Par lutopium – À l’automne 2008, notre premier ministre a demandé aux québécois de lui donner un gouvernement majoritaire afin, disait-il, de lui permettre de prendre le volant et de permettre au Québec de traverser la crise économique qui se pointait à l’horizon. Un peu plus tard, lors d’un caucus du Parti Libéral, il promettait de consulter le plus grand nombre de québécois afin d’entâmer un dialogue sur les finances publiques. Par la suite, le ministre des Finances lança une consultation prébudgétaire bidon sur un site web où les choix sont à sens unique. Depuis hier, ce gouvernement a décidé de discuter avec une poignée d’intervenants afin de tracer le parcours que doit prendre notre pays afin de retrouver la voie de l’équilibre budgétaire et bien préparer le Québec pour les 20 prochaines années. Le philosophe Leo Strauss doit être fier, lui qui était convaincu que seule une élite peut contrôler le peuple, trop ignorant pour participer à la gouvernance…
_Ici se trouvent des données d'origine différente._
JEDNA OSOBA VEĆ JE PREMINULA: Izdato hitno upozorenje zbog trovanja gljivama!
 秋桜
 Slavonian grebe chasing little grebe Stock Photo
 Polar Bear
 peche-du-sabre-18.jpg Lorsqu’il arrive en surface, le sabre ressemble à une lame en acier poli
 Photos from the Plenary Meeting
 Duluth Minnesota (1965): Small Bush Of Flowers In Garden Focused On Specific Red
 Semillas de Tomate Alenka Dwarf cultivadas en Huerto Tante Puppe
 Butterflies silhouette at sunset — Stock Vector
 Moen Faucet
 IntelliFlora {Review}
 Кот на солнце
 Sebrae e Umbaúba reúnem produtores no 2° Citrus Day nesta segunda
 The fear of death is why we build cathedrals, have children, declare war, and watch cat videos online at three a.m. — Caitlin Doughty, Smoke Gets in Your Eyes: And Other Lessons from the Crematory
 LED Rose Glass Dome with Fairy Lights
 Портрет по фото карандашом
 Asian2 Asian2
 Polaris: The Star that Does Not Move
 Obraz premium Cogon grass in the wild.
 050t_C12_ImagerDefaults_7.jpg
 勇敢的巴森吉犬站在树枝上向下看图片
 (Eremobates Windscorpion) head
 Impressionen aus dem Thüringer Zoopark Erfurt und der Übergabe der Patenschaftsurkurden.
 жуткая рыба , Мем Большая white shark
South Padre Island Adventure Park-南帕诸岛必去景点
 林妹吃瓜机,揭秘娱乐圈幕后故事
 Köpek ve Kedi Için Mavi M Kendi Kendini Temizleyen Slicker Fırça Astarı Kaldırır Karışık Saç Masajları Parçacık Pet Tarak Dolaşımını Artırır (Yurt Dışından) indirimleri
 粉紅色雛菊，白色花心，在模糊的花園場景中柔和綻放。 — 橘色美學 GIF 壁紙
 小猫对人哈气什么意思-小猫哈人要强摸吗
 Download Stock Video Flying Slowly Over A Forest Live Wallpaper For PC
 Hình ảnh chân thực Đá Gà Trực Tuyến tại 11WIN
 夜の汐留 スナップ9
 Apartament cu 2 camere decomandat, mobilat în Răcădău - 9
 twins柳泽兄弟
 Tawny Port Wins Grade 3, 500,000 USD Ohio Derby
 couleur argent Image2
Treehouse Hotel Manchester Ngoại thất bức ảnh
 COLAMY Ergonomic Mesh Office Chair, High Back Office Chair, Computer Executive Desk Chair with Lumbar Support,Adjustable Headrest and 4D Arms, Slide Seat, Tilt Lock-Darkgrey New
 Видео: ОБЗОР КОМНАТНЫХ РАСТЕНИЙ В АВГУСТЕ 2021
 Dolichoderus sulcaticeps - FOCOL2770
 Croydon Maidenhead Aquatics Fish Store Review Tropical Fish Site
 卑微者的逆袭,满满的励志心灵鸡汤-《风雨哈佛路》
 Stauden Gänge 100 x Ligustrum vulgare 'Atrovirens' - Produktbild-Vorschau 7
Il est essentiel que les citoyens soient consultés sur ces enjeux. Lors des dernières élections, il n’a jamais été question de hausser les tarifs et la taxe de vente, d’abolir des services publics, d’exiger des contributions supplémentaires ou de privatiser une partie du patrimoine québécois. Le gouvernement libéral n’a pas ce mandat. Même si les économistes de l’Université de Sherbrooke ou les penseurs de Cirano essaient de nous vendre leur salade subventionnée, on ne peut affirmer qu’il y a consensus au sein de la population. Même si un sondage biaisé nous apprend aujourd’hui que les québécois sont plutôt favorables à couper les subventions aux écoles privées, au concept d’un ticket modérateur lors des visites chez le médecin ou à l’ouverture du réseau de la santé au secteur privé, il est inacceptable que le premier ministre s’engage dans une série de réformes sans un mandat clair et précis. Si des mesures drastiques sont nécessaires afin de réduire le déficit et assurer le bien-être de la population, Jean Charest doit retourner devant les électeurs et présenter les choses clairement. Les enjeux sont trop importants pour prendre des décisions en vase clos.

Les seules propositions qui sont sur la table présentement visent essentiellement à réduire les dépenses gouvernementales ou à augmenter la contribution de tous les québécois, quelle que soit leur capacité de payer. Pourquoi le Parti Libéral ne considère-t-il pas une hausse des impôts des plus fortunés, ne serait-ce temporairement? Pourquoi ne suit-on pas la recommandation de l’Institut Économique de Montréal qui suggère de couper les subventions aux entreprises, ce qui permettrait d’économiser 6 milliards par année? Pourquoi ne pas analyser la possibilité de centraliser l’achat des médicaments et viser des économies qui pourraient atteindre un autre milliard annuellement?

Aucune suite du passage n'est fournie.